■ RECORDS FOR THE TASK
# # # # #
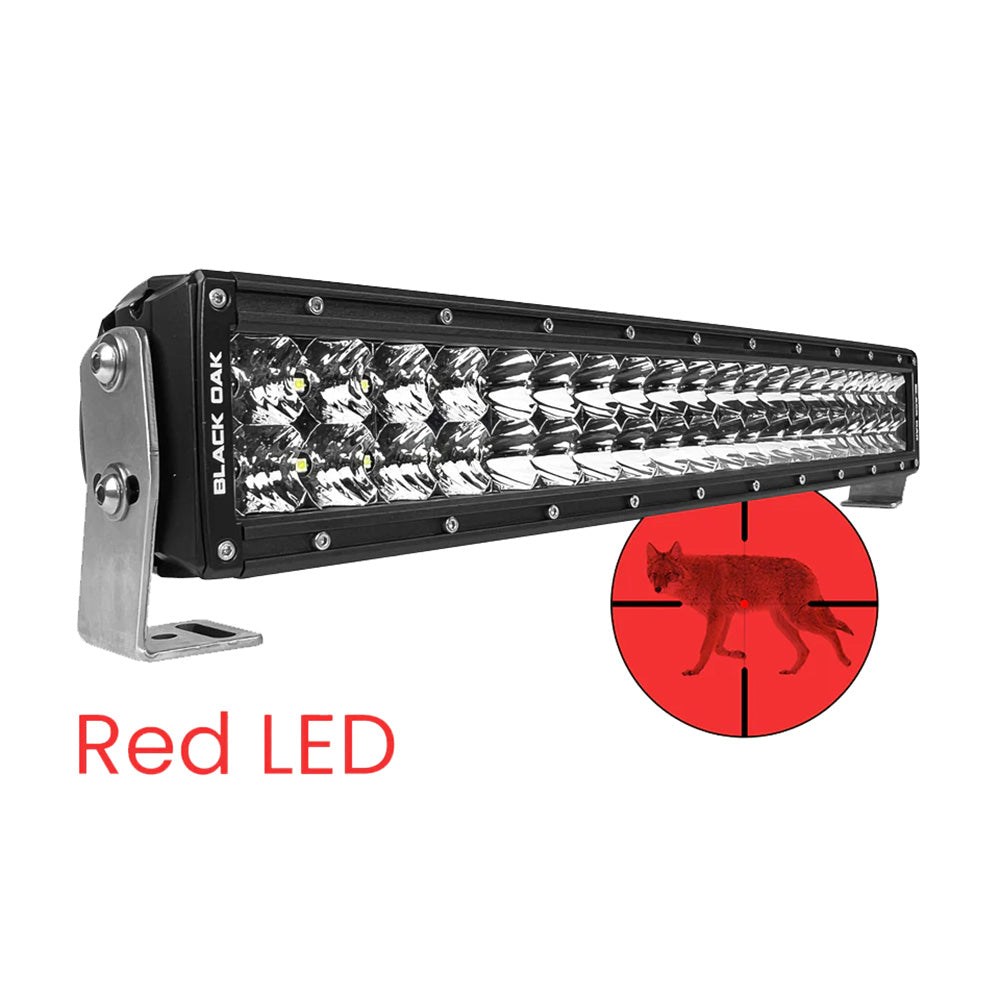 Black Oak 20" Curved Double Row Red LED Predator Hunting Light Bar - Combo Optics - Black Housing - Pro Series 3.0 [20CR-D3OS] - Premium Light Bars from Black Oak LED - Just $595! 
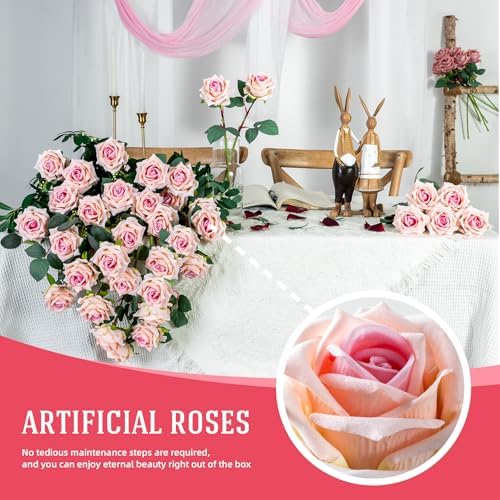 Ttranewsoo 24PCS Pink Artificial Flowers, Realistic Fake Roses with Stems for Bridal Shower, Baby Shower, Wedding Centerpieces, DIY Bouquets & Party Decor, 16.5 Inch - Image 4
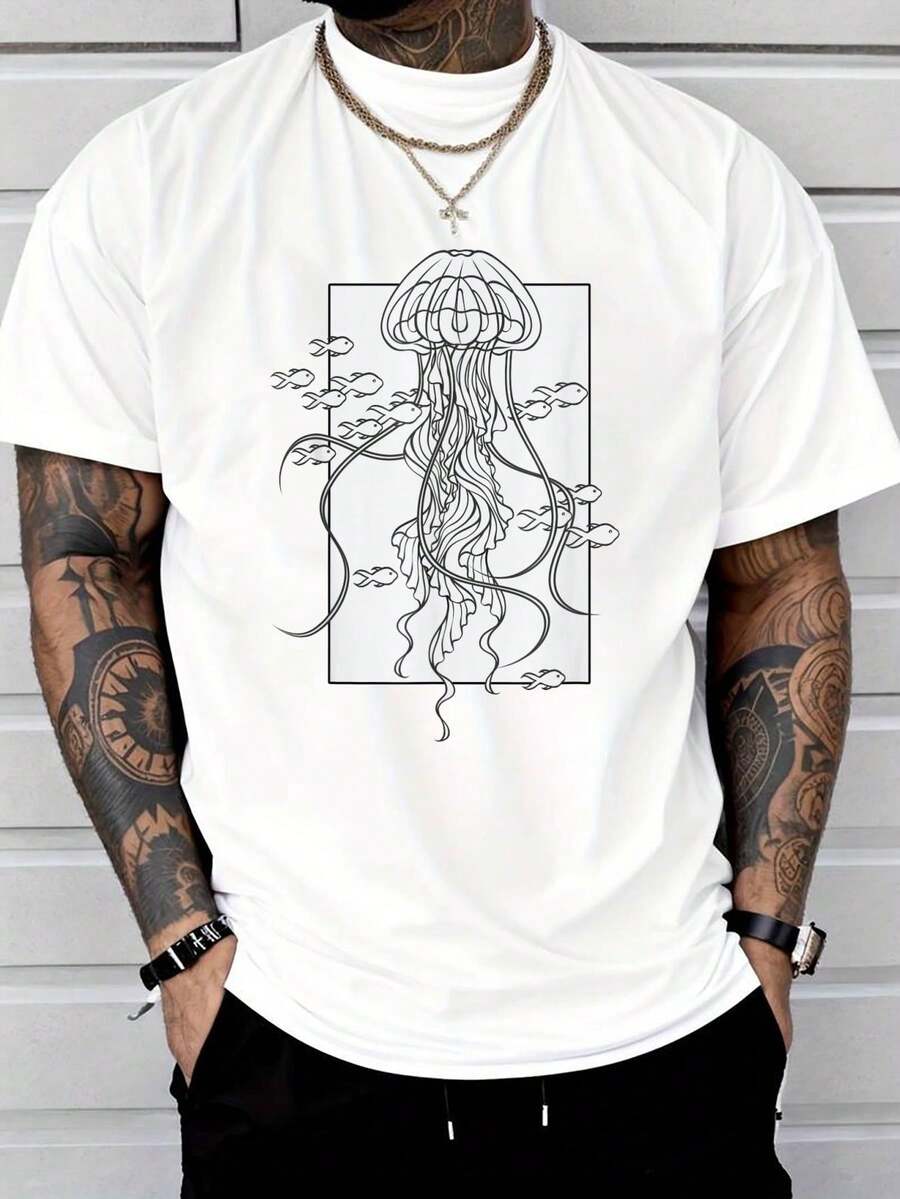 

Graphic Jellyfish With Fishes In Sea T-Shirt Unisex s Fashion T-Shirt S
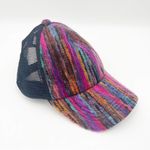 COLLECTION EIGHTEEN Baseball Cap Mesh Multicolor Yarn Black Adjustable One Size Photo 0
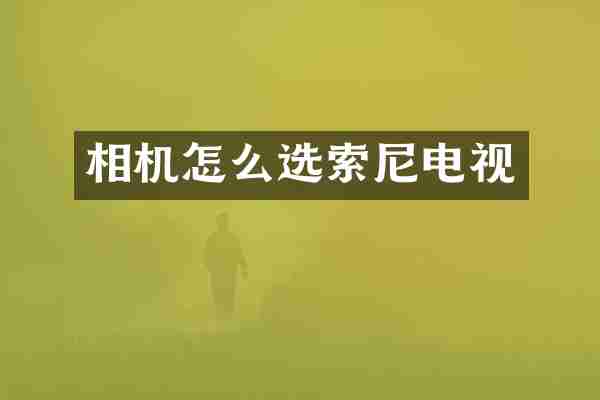 相机怎么选索尼电视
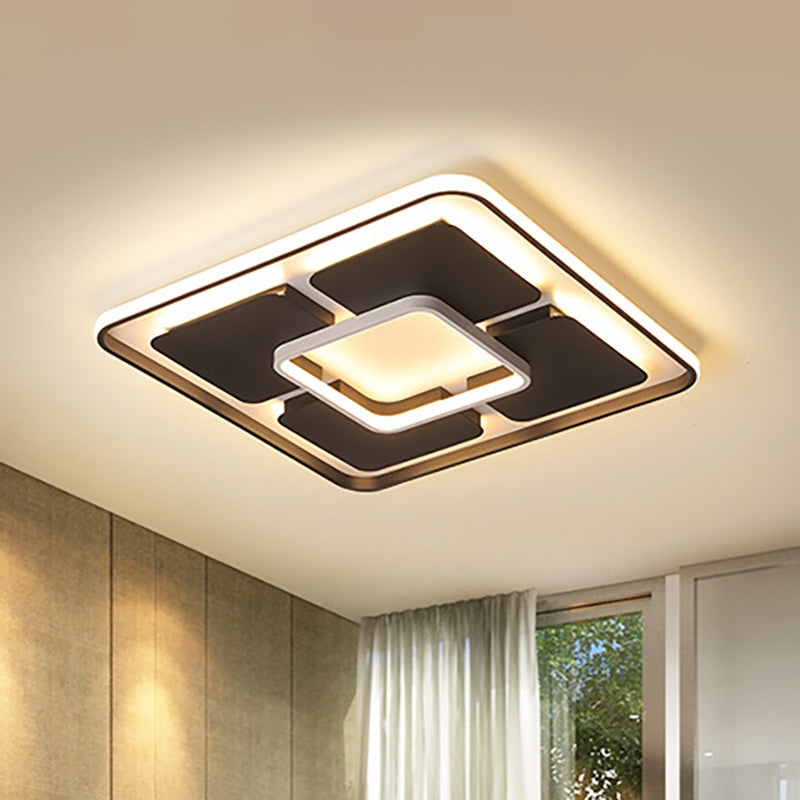 Square/Rectangle Flush Lighting Nordic Style Led Flush Mount Ceiling Light in Black and White, 18"/23.5"/35.5" W Clearhalo 'Ceiling Lights' 'Close To Ceiling Lights' 'Close to ceiling' 'Flush mount' Lighting' 253960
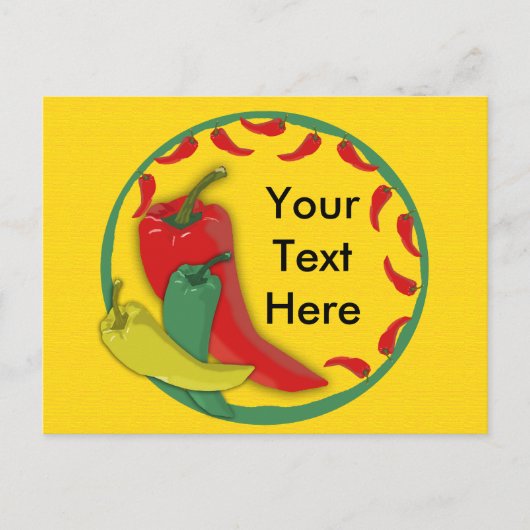 Lijst voor Chili Pepper Group Circle Briefkaart (Voorkant)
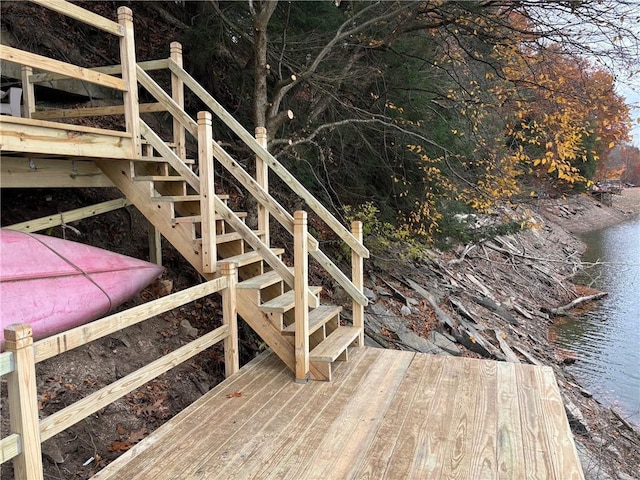 8578 County Road 49, Rushford, NY 14717 - staircase with a water view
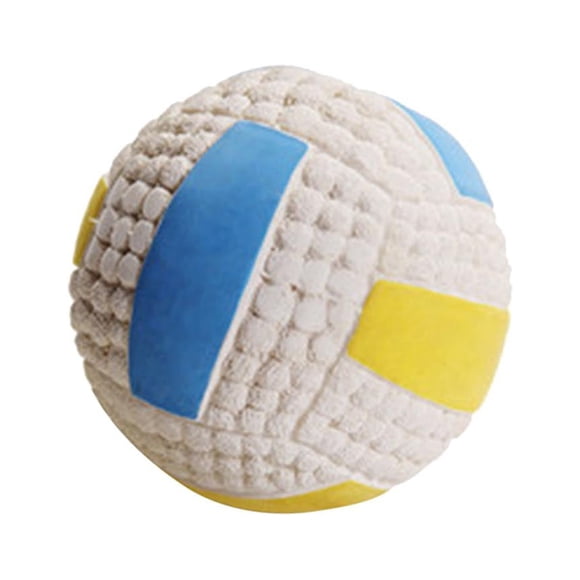 Dog Squeaky Chew Toy Ball for Small Medium Dogs | Interactive Pet Teeth Cleaning Ball with Sound | Plush Cotton Filled Fetch Toy for Indoor Play | Grinding Training Ball for Canine Dental Health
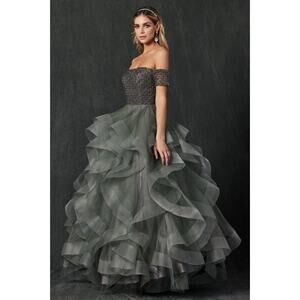 Juliet 395 Charcoal long ruffled horsehair tulle dress off shoulder sleeves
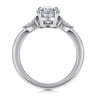 Dela - 14K White Gold Oval Three Stone Diamond Engagement Ring - 0.17 ct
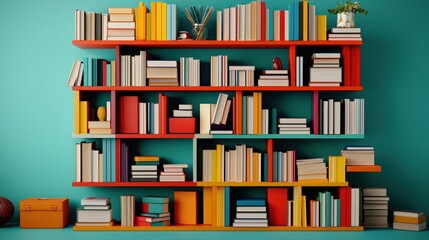 A bookshelf filled with books in multiple languages representing diversity in literacy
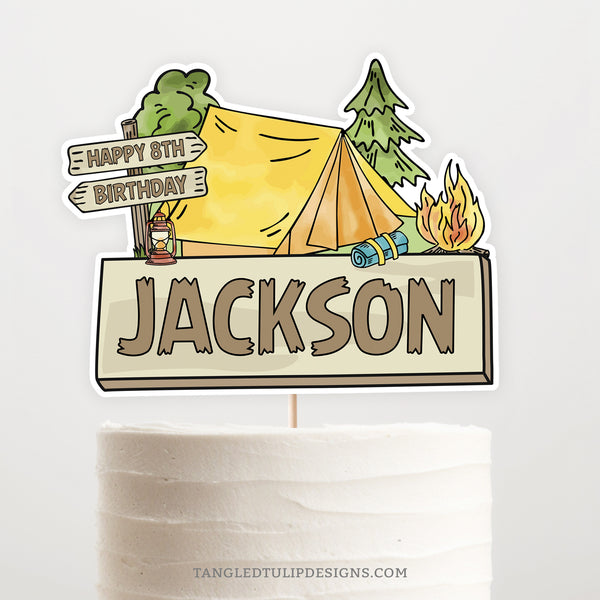 Campout Birthday Cake Topper for a boy camping birthday party. Camping Happy Birthday Decoration printable.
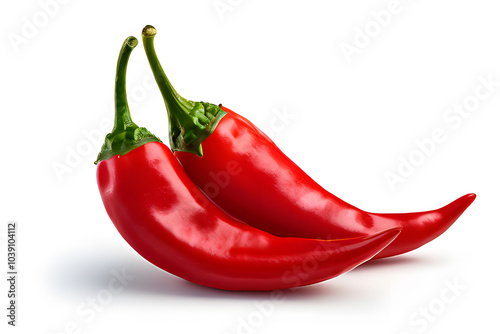 Hot chili red yellow spice bell pepper isolated white background mockup spicy advertisement photo 3d single one photo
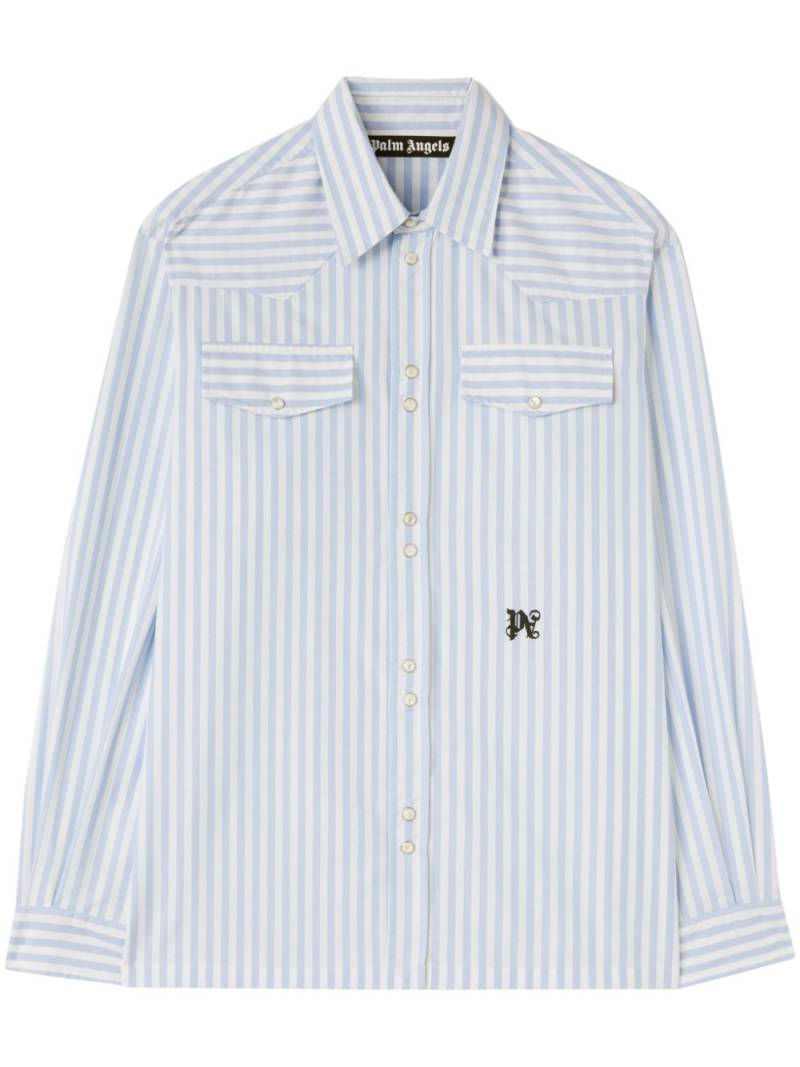 Palm Angels Monogram striped cotton shirt - White von Palm Angels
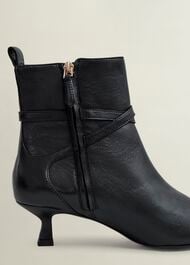 Loretta Leather Heeled Ankle Boots, Black, hi-res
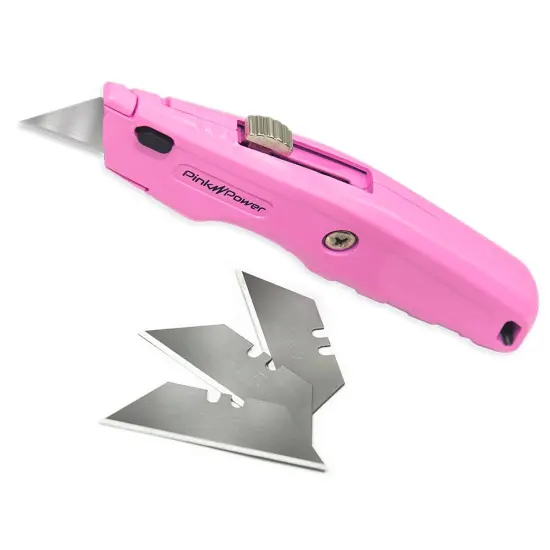 Pink Power Heavy Duty Utility Knife with 3-Pack Retractable Blades {2}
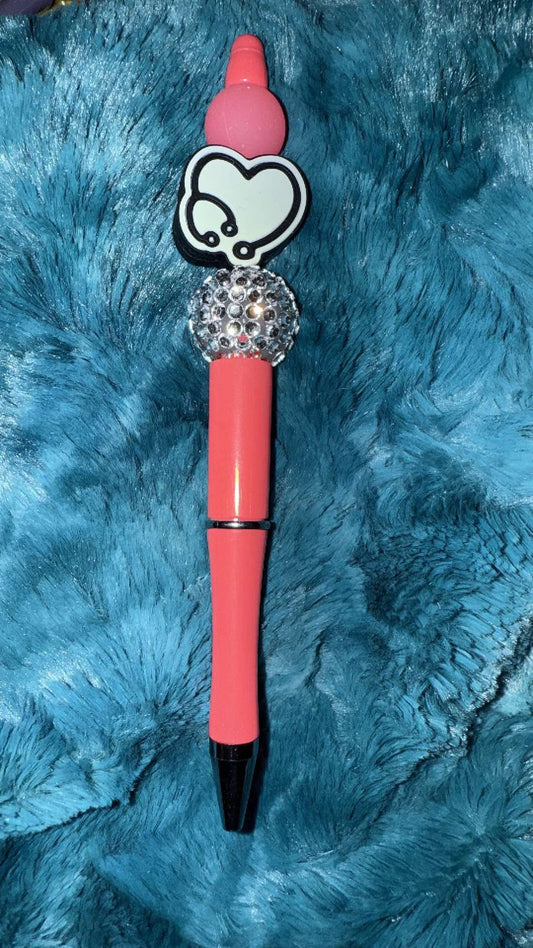 Pink & Silver Nurse Beaded Pen With Refill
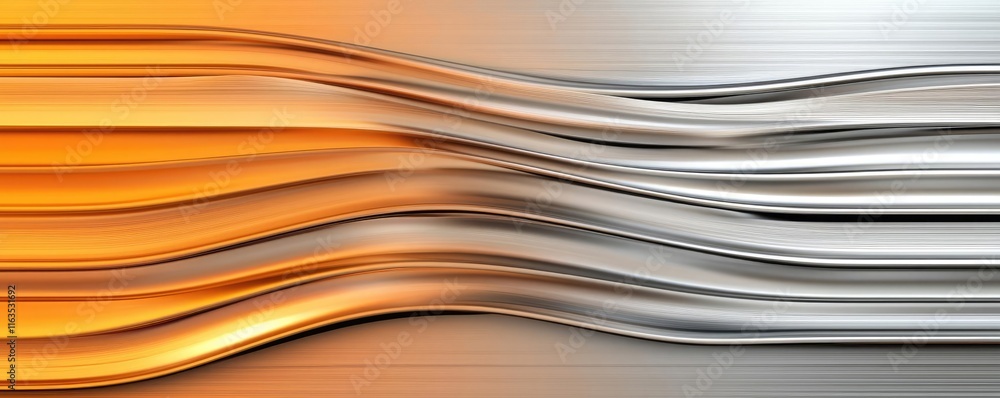 Aufkleber Brushed abstract background concept. Abstract waves in orange and silver create a modern and dynamic visual effect.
# # # # #
■ YOUR INSTRUCTIONS
Beginning with the first line of the entries above, repeat each line word for word until the line with "A bookshelf filled" has been given too. Omit the pictures.

■ EXPECTED ANSWER
 Black Oak 20" Curved Double Row Red LED Predator Hunting Light Bar - Combo Optics - Black Housing - Pro Series 3.0 [20CR-D3OS] - Premium Light Bars from Black Oak LED - Just $595! 
 Ttranewsoo 24PCS Pink Artificial Flowers, Realistic Fake Roses with Stems for Bridal Shower, Baby Shower, Wedding Centerpieces, DIY Bouquets & Party Decor, 16.5 Inch - Image 4

Graphic Jellyfish With Fishes In Sea T-Shirt Unisex s Fashion T-Shirt S
 COLLECTION EIGHTEEN Baseball Cap Mesh Multicolor Yarn Black Adjustable One Size Photo 0
 相机怎么选索尼电视
 Square/Rectangle Flush Lighting Nordic Style Led Flush Mount Ceiling Light in Black and White, 18"/23.5"/35.5" W Clearhalo 'Ceiling Lights' 'Close To Ceiling Lights' 'Close to ceiling' 'Flush mount' Lighting' 253960
 Lijst voor Chili Pepper Group Circle Briefkaart (Voorkant)
 8578 County Road 49, Rushford, NY 14717 - staircase with a water view
 Dog Squeaky Chew Toy Ball for Small Medium Dogs | Interactive Pet Teeth Cleaning Ball with Sound | Plush Cotton Filled Fetch Toy for Indoor Play | Grinding Training Ball for Canine Dental Health
 Juliet 395 Charcoal long ruffled horsehair tulle dress off shoulder sleeves
 Dela - 14K White Gold Oval Three Stone Diamond Engagement Ring - 0.17 ct
 A bookshelf filled with books in multiple languages representing diversity in literacy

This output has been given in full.